IN 2022, the Independent Inquiry into Child Sexual Abuse concluded: “Finally, the result of this lack of accurate and reliable data from police forces and local authorities, compounded by the lack of consistency about the definitions of ‘child sexual exploitation’ and ‘networks’ is that the government and other organisations cannot know the current scale of child sexual exploitation by networks, or who is involved in these groups.”
Three years down the line, and Baroness Casey, the members of her 27-strong team and the government still don’t know.
The most defining feature of the recently published National Audit on Group Based Child Sexual Exploitation and Abuse is not what it says, but what it does not explain.
According to the audit, group-based child sexual exploitation accounts for 3.5 per cent of all child sexual abuse in Britain.

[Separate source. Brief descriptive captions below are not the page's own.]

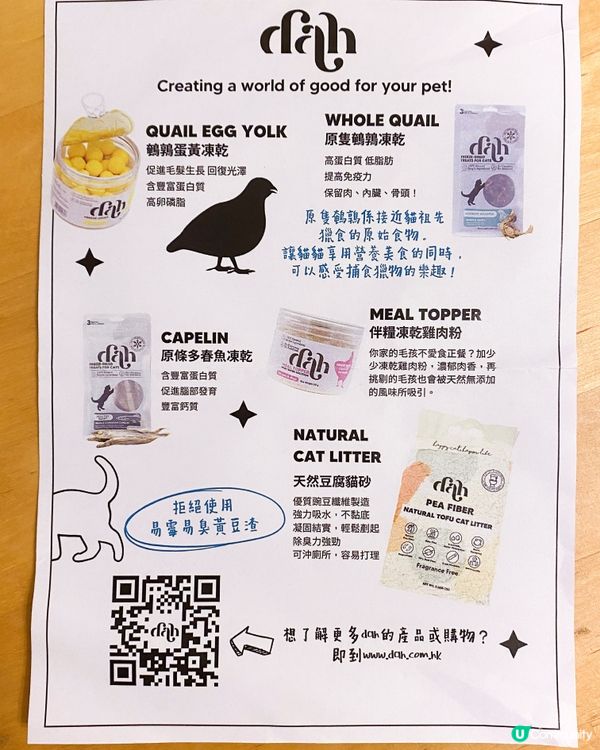 進貢貓貓主子大分享～💁🏽‍♀️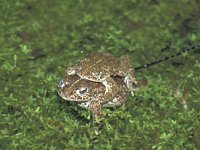 Bufo calamita 1, Rugstreeppad, Saxifraga-Kees Marijnissen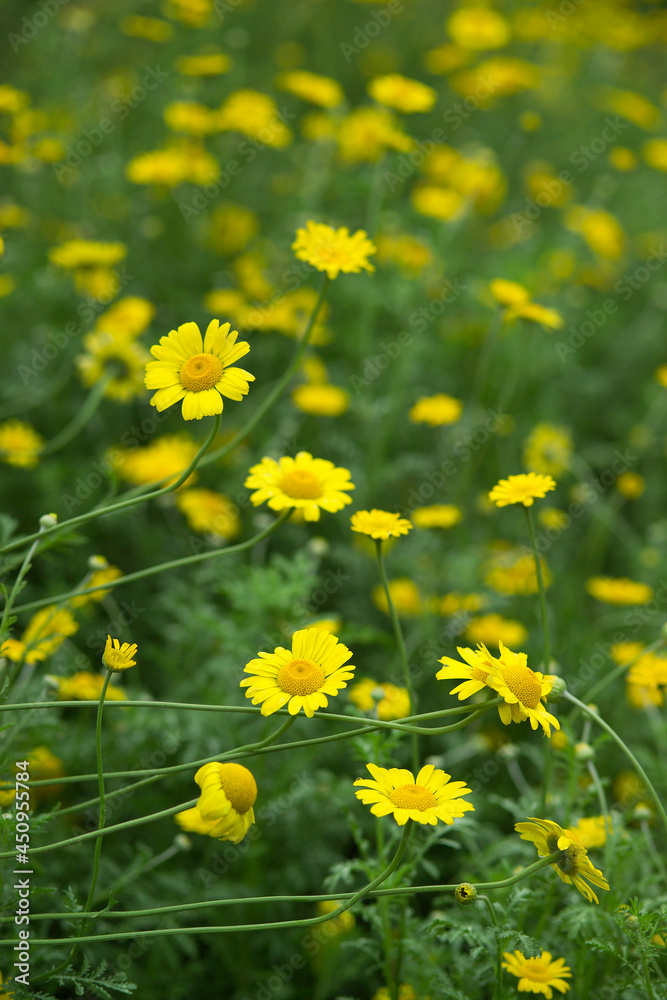 yellow chamomile on meadow yellow chamomile on meadow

We are about to spend untold millions on a national inquiry and criminal operation to root out group-based CSE, holding failing institutions to account, while specialist support services for victims of CSE have been closing at a faster rate than other support services.
Why? Because the Asian sex gang is weaponised by Elon Musk, the Tories, Faragists and the far right, putting pressure on the newly elected Labour government struggling under a tsunami of misinformation, often promoted by warring politicians.
Calling the storm and fury surrounding this most serious of crimes a moral panic or accusing politicians of exploiting the suffering of victims does not suggest that child sexual exploitation does not exist, that it is not a genuine and significant issue, or that Asian men are over-represented in trial data, or as suspects in West Yorkshire, South Yorkshire or the Greater Manchester area.
It does not mean that this kind of abuse is not perpetrated by predominantly one ethnicity or another, or that it is not of industrial scale and devastating consequences.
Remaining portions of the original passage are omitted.